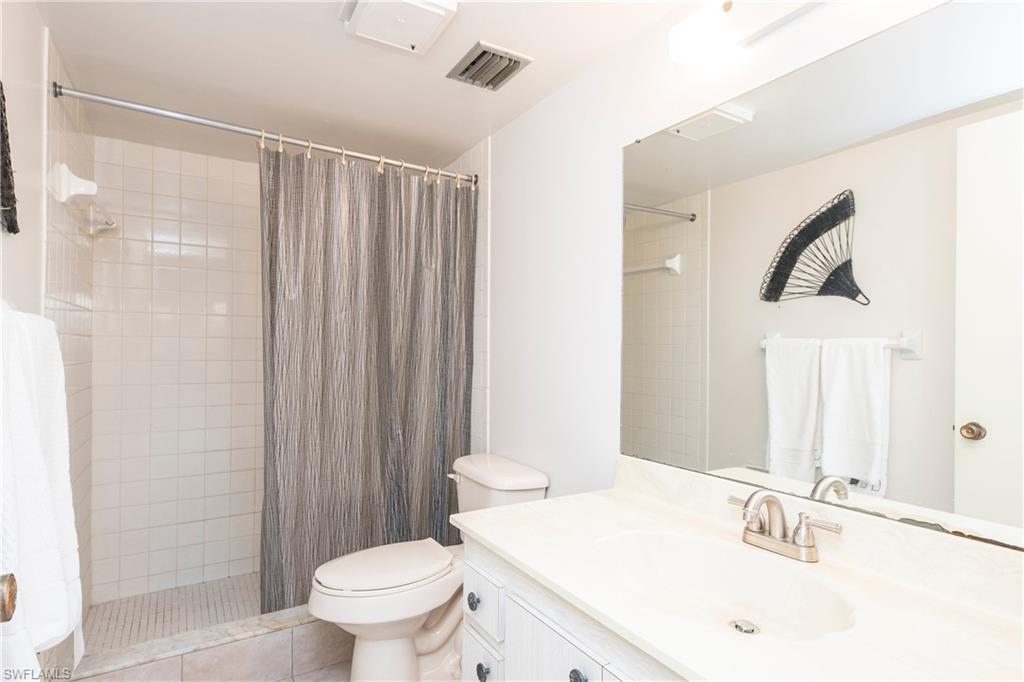 5451 Rattlesnake Hammock Road, Unit D108 Naples, FL 34113 - Photo 10 of 17 a bathroom with a sink toilet and shower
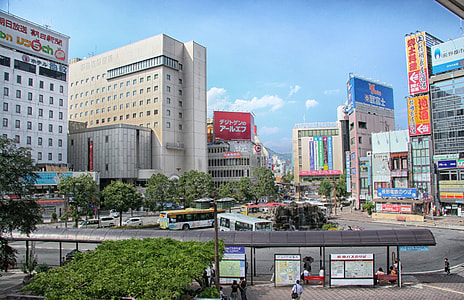 people walking near road and high rise buildings under blue sky thumbnail
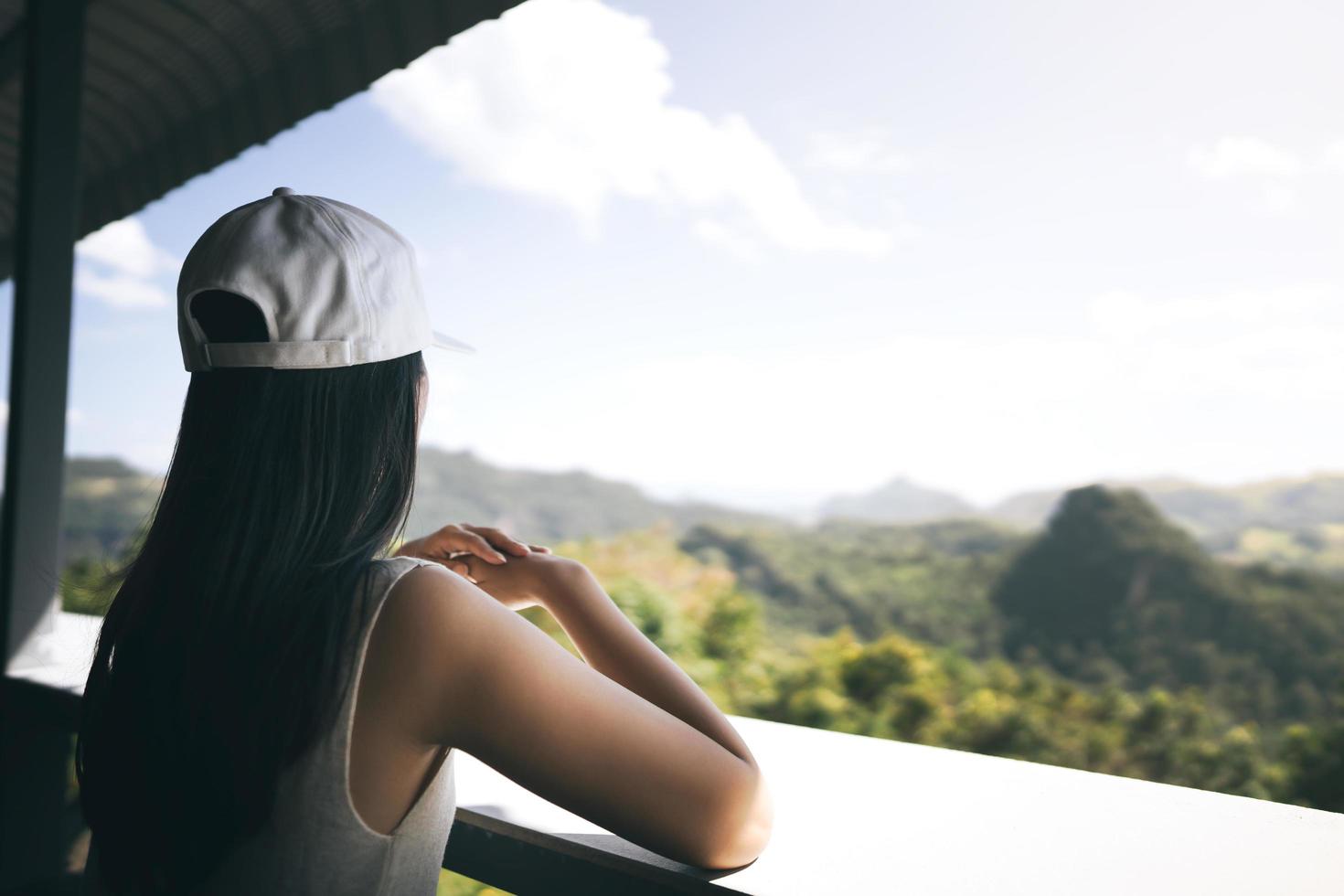 mulher viajante adulta solitária relaxa em casa de família foto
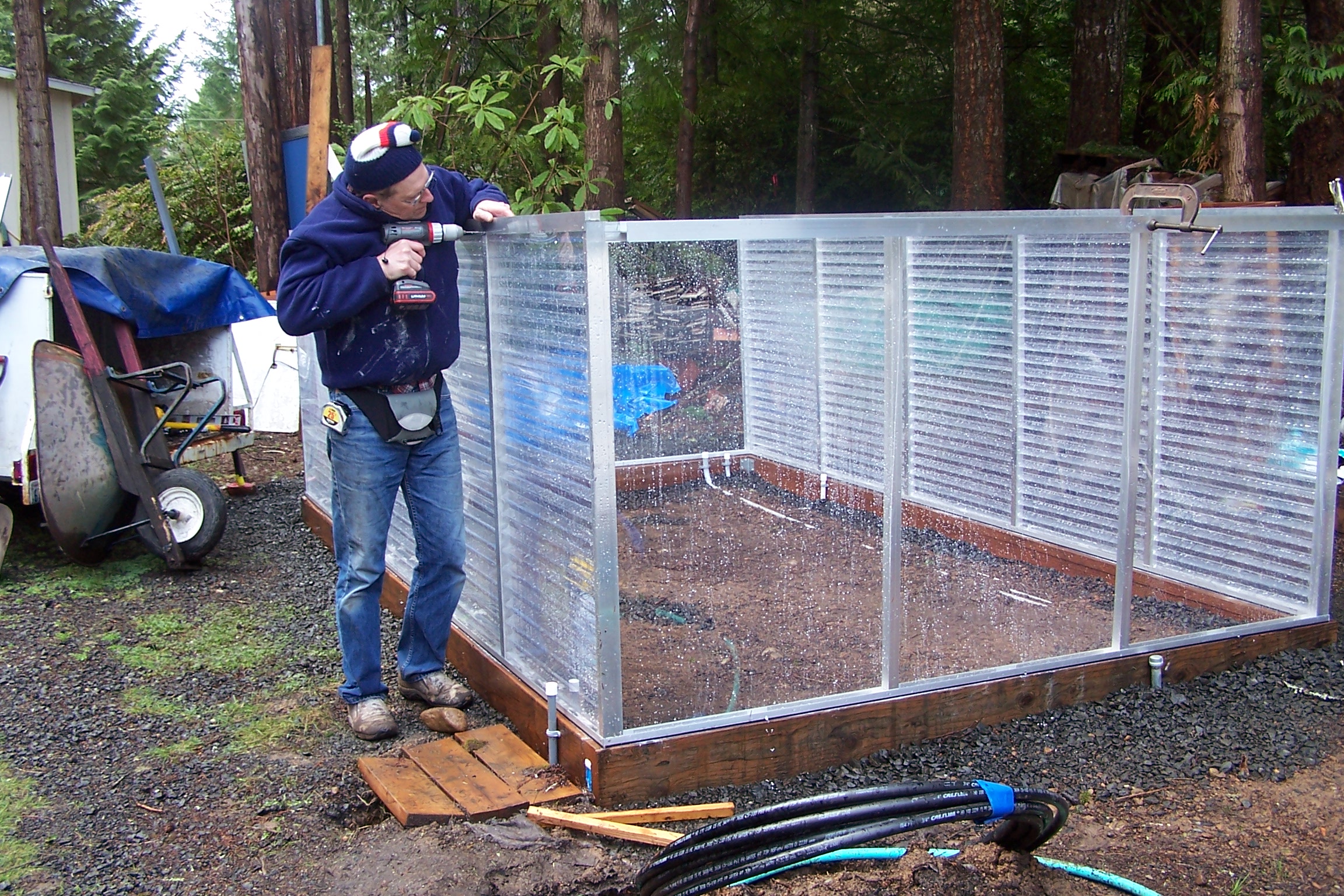 DH building the greenhouse in Spring of 2012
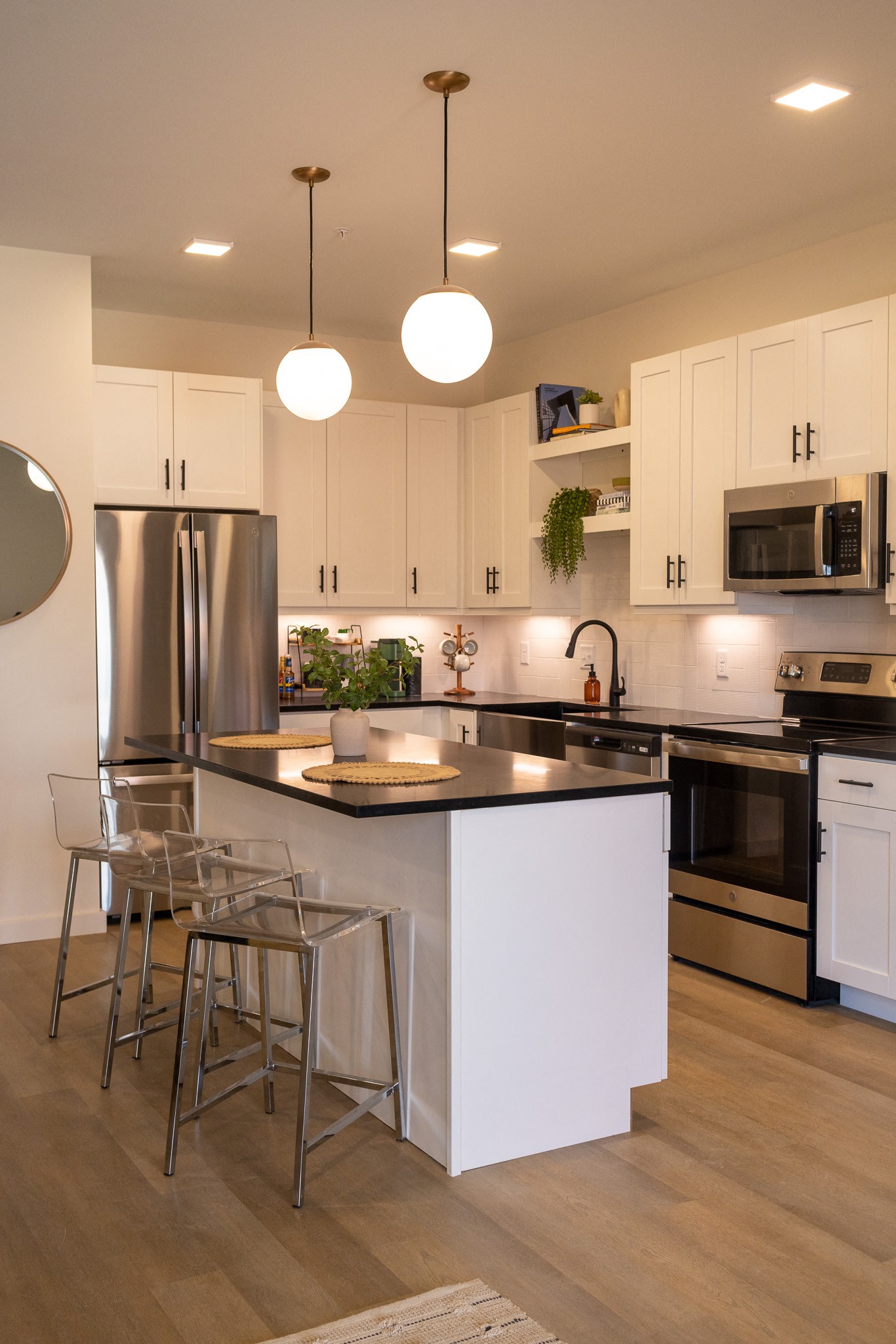 a kitchen with white cabinets and a large island with a black countertop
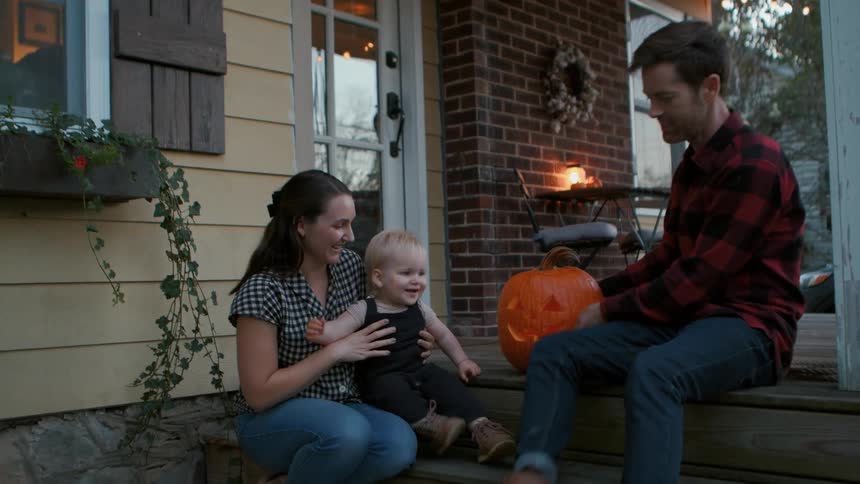 A family talk and smile outside their home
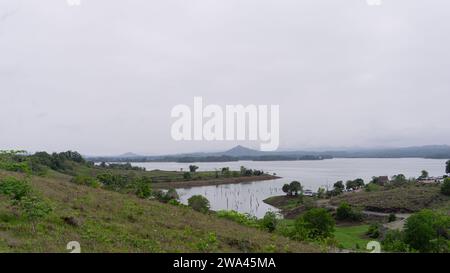 Lac dans une zone montagneuse avec verdure partiellement couverte de nuages Banque D'Images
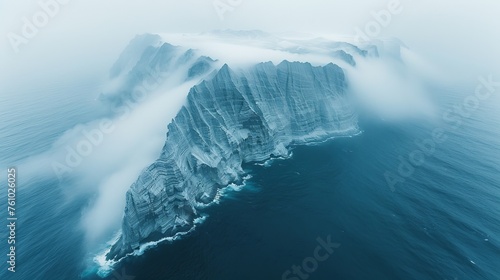 Dramatic aerial view of a foggy mountain range descending into the sea, with cascading mist creating a seamless transition between the rugged terrain and the ocean's expanse © Ross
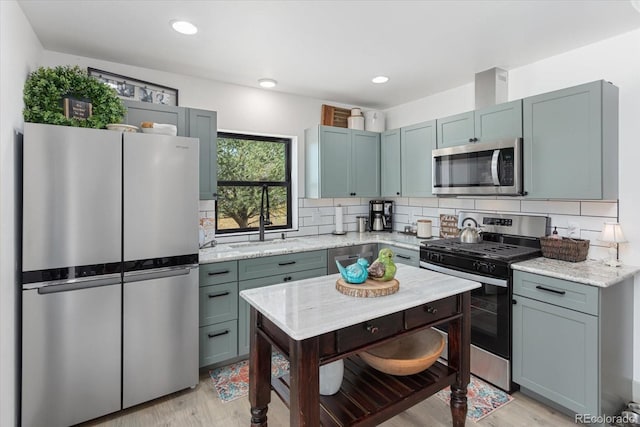 kitchen featuring light stone countertops, appliances with stainless steel finishes, and backsplash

> What this task involves
Transcribe the lines above exactly, setting aside any picture among them.

> Task answer
 5451 Rattlesnake Hammock Road, Unit D108 Naples, FL 34113 - Photo 10 of 17 a bathroom with a sink toilet and shower
 people walking near road and high rise buildings under blue sky thumbnail
 mulher viajante adulta solitária relaxa em casa de família foto
 DH building the greenhouse in Spring of 2012
 a kitchen with white cabinets and a large island with a black countertop
 A family talk and smile outside their home
 Lac dans une zone montagneuse avec verdure partiellement couverte de nuages Banque D'Images
 Dramatic aerial view of a foggy mountain range descending into the sea, with cascading mist creating a seamless transition between the rugged terrain and the ocean's expanse © Ross
 kitchen featuring light stone countertops, appliances with stainless steel finishes, and backsplash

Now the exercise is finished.